Over lunch with a civil society leader in our community last week, there was concern expressed over how she feels our Canadian cities are becoming increasingly split over ideologies, never-ending opinions, online mischief and a rampant kind of identity politics.  She asked if I could send her any writings that could give her some hope for a future kind of citizenship that can overcome forces seeking to pull us apart through a rededication to community life.  I sent her the following quotes from Mark Kingwell’s book The World We Want, among others.  Written almost 20 years ago, it remains more relevant than ever and I thought I’d pass them along.

“We must trust to listen to the other whom we do not yet know, must rely on a basic willingness to care about someone who thinks and lives differently from ourselves.”


“Our inability to know the whole truth should never be anger or prejudice against others who think differently, but instead toleration of diversity. The reason is clear:  Humans have the limitation that when it comes to knowledge, only the self can really be trusted.  And yet the self is restricted in capacity.  We must therefore be modest and open-minded, not judgmental and condemnatory.  Where we cannot know, we must not judge.”


“This drive for a common language of political discussion is in some ways admirable, since it seeks to resolve differences rather than simply eliminate them, but at a fundamental level it is misconceived.  Some ethical and political differences simply do not go away; some conflicts can never be resolved, only managed.”

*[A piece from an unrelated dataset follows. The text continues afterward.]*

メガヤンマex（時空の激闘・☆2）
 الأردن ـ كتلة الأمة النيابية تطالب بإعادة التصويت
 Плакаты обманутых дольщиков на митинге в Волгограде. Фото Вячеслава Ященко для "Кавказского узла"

“Curiously enough, therefore, and contrary to the explicit desire of most philosophers through the ages, we make a strategic error when we look to rationality as the means to realize justice.  We should look rather to desire, to what we want – and to the limits of getting what we want given the presence of other people with their own desires.”


“Citizenship is less an intellectual achievement or state of illumination than it is a way of carrying on a form of action.  It is a way of finding ourselves, or at least enough of ourselves to make do, within the complicated cross-hatched world of our shared dreams.”


“Citizens must build character more than intellect if they are to take up the challenging task of political commitment; they must be good citizens rather than simply good maximizers of self-interest or good generators of individual preferences.  It is not that self-interest or preference are inimical to justice, only that in themselves they will not secure it.  Therefore, the good citizens must nurture an attitude of hopeful pragmatism, must cultivate the specifically political virtues of negotiation and acceptance, as well as the more searching virtues of love.”


“The language of political virtues insists on something that the interest-oriented discourse of political and economic rights cannot; namely, that privilege confers obligations on those who enjoy it. That there is a moral duty to act not only for one’s own benefit, but for the benefit of others less able to fend for themselves.  That’s citizenship in action.”